Source records Block Start
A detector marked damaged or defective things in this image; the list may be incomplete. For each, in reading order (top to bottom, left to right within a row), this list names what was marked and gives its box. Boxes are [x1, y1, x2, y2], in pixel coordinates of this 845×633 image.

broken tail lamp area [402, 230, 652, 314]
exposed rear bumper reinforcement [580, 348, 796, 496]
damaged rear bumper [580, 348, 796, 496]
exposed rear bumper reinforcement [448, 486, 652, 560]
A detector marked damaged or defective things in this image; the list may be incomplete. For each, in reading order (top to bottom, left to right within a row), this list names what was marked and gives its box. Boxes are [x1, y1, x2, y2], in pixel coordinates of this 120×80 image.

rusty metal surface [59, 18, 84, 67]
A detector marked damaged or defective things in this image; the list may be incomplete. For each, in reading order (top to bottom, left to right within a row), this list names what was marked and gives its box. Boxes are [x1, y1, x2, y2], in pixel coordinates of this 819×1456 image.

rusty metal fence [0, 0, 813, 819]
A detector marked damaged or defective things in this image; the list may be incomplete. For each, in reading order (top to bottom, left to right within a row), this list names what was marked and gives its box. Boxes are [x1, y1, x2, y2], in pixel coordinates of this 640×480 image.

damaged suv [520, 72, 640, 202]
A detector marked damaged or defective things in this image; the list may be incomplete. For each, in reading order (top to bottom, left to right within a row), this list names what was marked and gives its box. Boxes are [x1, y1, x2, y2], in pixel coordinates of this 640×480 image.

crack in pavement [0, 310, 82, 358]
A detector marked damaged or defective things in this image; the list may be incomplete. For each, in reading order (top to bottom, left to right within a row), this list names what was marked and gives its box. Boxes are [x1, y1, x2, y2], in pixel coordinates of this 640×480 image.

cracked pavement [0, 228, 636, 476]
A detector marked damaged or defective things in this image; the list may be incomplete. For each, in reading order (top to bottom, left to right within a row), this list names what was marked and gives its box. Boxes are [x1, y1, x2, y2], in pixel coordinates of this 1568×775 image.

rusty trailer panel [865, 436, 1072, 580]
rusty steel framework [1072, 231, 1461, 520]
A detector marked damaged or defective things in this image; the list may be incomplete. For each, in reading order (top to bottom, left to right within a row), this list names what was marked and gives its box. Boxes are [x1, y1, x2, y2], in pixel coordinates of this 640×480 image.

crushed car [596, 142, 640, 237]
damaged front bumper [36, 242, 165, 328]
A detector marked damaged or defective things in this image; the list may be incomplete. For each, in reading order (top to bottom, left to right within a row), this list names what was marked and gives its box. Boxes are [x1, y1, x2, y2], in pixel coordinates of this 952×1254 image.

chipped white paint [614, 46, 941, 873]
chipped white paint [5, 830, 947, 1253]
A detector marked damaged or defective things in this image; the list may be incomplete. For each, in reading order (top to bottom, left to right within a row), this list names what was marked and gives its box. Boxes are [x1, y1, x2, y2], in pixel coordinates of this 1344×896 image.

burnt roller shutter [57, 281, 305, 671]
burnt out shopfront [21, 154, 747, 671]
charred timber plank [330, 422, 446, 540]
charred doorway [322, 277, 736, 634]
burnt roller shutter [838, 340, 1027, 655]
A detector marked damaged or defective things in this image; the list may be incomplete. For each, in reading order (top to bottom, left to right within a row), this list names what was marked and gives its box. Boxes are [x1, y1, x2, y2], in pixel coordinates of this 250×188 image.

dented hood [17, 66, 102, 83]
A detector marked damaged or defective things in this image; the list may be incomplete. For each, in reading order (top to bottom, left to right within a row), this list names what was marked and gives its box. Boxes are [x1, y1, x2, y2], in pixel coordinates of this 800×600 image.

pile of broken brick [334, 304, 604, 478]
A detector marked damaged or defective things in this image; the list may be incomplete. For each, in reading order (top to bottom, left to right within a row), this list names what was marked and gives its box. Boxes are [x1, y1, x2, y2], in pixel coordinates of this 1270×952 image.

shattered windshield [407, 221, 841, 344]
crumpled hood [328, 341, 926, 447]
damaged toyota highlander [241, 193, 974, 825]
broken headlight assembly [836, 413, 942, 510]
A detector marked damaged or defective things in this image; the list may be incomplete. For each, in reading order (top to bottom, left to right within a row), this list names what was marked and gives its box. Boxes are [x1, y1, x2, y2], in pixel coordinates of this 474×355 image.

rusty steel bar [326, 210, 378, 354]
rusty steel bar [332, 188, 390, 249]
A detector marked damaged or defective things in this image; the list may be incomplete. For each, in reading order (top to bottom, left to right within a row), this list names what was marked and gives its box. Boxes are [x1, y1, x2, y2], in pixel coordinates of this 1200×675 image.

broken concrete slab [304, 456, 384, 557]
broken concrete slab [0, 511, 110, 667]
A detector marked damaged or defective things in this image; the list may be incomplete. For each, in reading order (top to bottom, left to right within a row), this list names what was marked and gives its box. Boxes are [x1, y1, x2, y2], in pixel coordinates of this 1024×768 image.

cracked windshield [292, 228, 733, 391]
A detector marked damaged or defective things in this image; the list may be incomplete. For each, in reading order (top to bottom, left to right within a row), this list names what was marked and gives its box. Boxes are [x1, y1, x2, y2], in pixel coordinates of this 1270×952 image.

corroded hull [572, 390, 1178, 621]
Source records Block End
● Activity
Transcribe every entry exactly as it reads.

● Answer area
A detector marked damaged or defective things in this image; the list may be incomplete. For each, in reading order (top to bottom, left to right within a row), this list names what was marked and gives its box. Boxes are [x1, y1, x2, y2], in pixel coordinates of this 845×633 image.

broken tail lamp area [402, 230, 652, 314]
exposed rear bumper reinforcement [580, 348, 796, 496]
damaged rear bumper [580, 348, 796, 496]
exposed rear bumper reinforcement [448, 486, 652, 560]
A detector marked damaged or defective things in this image; the list may be incomplete. For each, in reading order (top to bottom, left to right within a row), this list names what was marked and gives its box. Boxes are [x1, y1, x2, y2], in pixel coordinates of this 120×80 image.

rusty metal surface [59, 18, 84, 67]
A detector marked damaged or defective things in this image; the list may be incomplete. For each, in reading order (top to bottom, left to right within a row), this list names what was marked and gives its box. Boxes are [x1, y1, x2, y2], in pixel coordinates of this 819×1456 image.

rusty metal fence [0, 0, 813, 819]
A detector marked damaged or defective things in this image; the list may be incomplete. For each, in reading order (top to bottom, left to right within a row), this list names what was marked and gives its box. Boxes are [x1, y1, x2, y2], in pixel coordinates of this 640×480 image.

damaged suv [520, 72, 640, 202]
A detector marked damaged or defective things in this image; the list may be incomplete. For each, in reading order (top to bottom, left to right within a row), this list names what was marked and gives its box. Boxes are [x1, y1, x2, y2], in pixel coordinates of this 640×480 image.

crack in pavement [0, 310, 82, 358]
A detector marked damaged or defective things in this image; the list may be incomplete. For each, in reading order (top to bottom, left to right within a row), this list names what was marked and gives its box. Boxes are [x1, y1, x2, y2], in pixel coordinates of this 640×480 image.

cracked pavement [0, 228, 636, 476]
A detector marked damaged or defective things in this image; the list may be incomplete. For each, in reading order (top to bottom, left to right within a row), this list names what was marked and gives its box. Boxes are [x1, y1, x2, y2], in pixel coordinates of this 1568×775 image.

rusty trailer panel [865, 436, 1072, 580]
rusty steel framework [1072, 231, 1461, 520]
A detector marked damaged or defective things in this image; the list may be incomplete. For each, in reading order (top to bottom, left to right within a row), this list names what was marked and gives its box. Boxes are [x1, y1, x2, y2], in pixel coordinates of this 640×480 image.

crushed car [596, 142, 640, 237]
damaged front bumper [36, 242, 165, 328]
A detector marked damaged or defective things in this image; the list may be incomplete. For each, in reading order (top to bottom, left to right within a row), this list names what was marked and gives its box. Boxes are [x1, y1, x2, y2], in pixel coordinates of this 952×1254 image.

chipped white paint [614, 46, 941, 873]
chipped white paint [5, 830, 947, 1253]
A detector marked damaged or defective things in this image; the list may be incomplete. For each, in reading order (top to bottom, left to right within a row), this list names what was marked and gives its box. Boxes are [x1, y1, x2, y2], in pixel coordinates of this 1344×896 image.

burnt roller shutter [57, 281, 305, 671]
burnt out shopfront [21, 154, 747, 671]
charred timber plank [330, 422, 446, 540]
charred doorway [322, 277, 736, 634]
burnt roller shutter [838, 340, 1027, 655]
A detector marked damaged or defective things in this image; the list may be incomplete. For each, in reading order (top to bottom, left to right within a row), this list names what was marked and gives its box. Boxes are [x1, y1, x2, y2], in pixel coordinates of this 250×188 image.

dented hood [17, 66, 102, 83]
A detector marked damaged or defective things in this image; the list may be incomplete. For each, in reading order (top to bottom, left to right within a row), this list names what was marked and gives its box. Boxes are [x1, y1, x2, y2], in pixel coordinates of this 800×600 image.

pile of broken brick [334, 304, 604, 478]
A detector marked damaged or defective things in this image; the list may be incomplete. For each, in reading order (top to bottom, left to right within a row), this list names what was marked and gives its box. Boxes are [x1, y1, x2, y2], in pixel coordinates of this 1270×952 image.

shattered windshield [407, 221, 841, 344]
crumpled hood [328, 341, 926, 447]
damaged toyota highlander [241, 193, 974, 825]
broken headlight assembly [836, 413, 942, 510]
A detector marked damaged or defective things in this image; the list may be incomplete. For each, in reading order (top to bottom, left to right within a row), this list names what was marked and gives its box. Boxes are [x1, y1, x2, y2], in pixel coordinates of this 474×355 image.

rusty steel bar [326, 210, 378, 354]
rusty steel bar [332, 188, 390, 249]
A detector marked damaged or defective things in this image; the list may be incomplete. For each, in reading order (top to bottom, left to right within a row), this list names what was marked and gives its box. Boxes are [x1, y1, x2, y2], in pixel coordinates of this 1200×675 image.

broken concrete slab [304, 456, 384, 557]
broken concrete slab [0, 511, 110, 667]
A detector marked damaged or defective things in this image; the list may be incomplete. For each, in reading order (top to bottom, left to right within a row), this list names what was marked and gives its box. Boxes are [x1, y1, x2, y2], in pixel coordinates of this 1024×768 image.

cracked windshield [292, 228, 733, 391]
A detector marked damaged or defective things in this image; the list may be incomplete. For each, in reading order (top to bottom, left to right within a row), this list names what was marked and gives its box. Boxes are [x1, y1, x2, y2], in pixel coordinates of this 1270×952 image.

corroded hull [572, 390, 1178, 621]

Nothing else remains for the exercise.